Milbank's piece was directed at Bush stretchers generally, not just Iraq-related ones. But it does suggest that, even at the prestige end of the media street, folks were calling attention to the Emperor's lack of apparel.

Regular readers will want to know where the Milbank piece ran. The generosity of the Post (no need to scrabble around for copies on Usenet!) allows one to know the answer: A1, no less! A memo to the White House.

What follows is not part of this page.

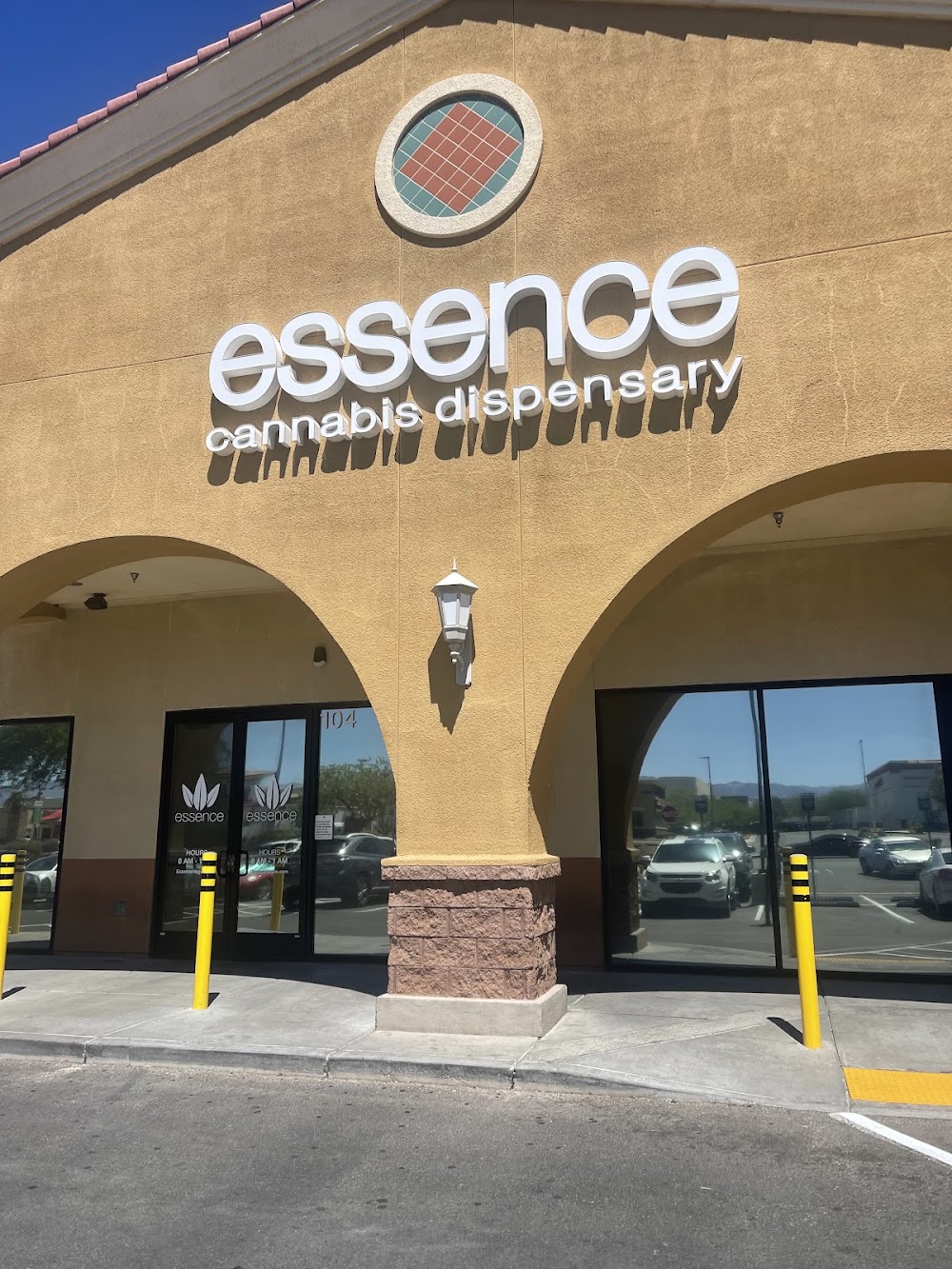Rise Recreational Cannabis Dispensary Las Vegas On South Rainbow photo 7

And, thanks to Ken Auletta's New Yorker piece from January 2004, we know it went down like the showing of The Passion at a barmitzvah:
According to Maralee Schwartz, the Post’s national political editor, Fleischer, Hughes, and Rove each complained to her about him, and suggested that he might be the wrong person for the job.

Moeller cites a couple of other pieces from October 2002 on White House stretchers: a NY Times piece (reprint) by Steven Lee Meyers on Chechnyan terror (blink and you'll miss it!):
As Mr. Bush has done repeatedly, Mr. Putin raised the specter of a terrorist attack using nuclear, chemical or biological weapons...

And a Michael Kinsley WaPo op-ed (Slate reprint):
the dissembling is aimed at the American citizenry...

What would be helpful - to avoid the hindsight of which Brer Keller was so scornful - is some kind of timeline for us to be able to gauge the state of the art on media criticism of Iraqi WMD intelligence.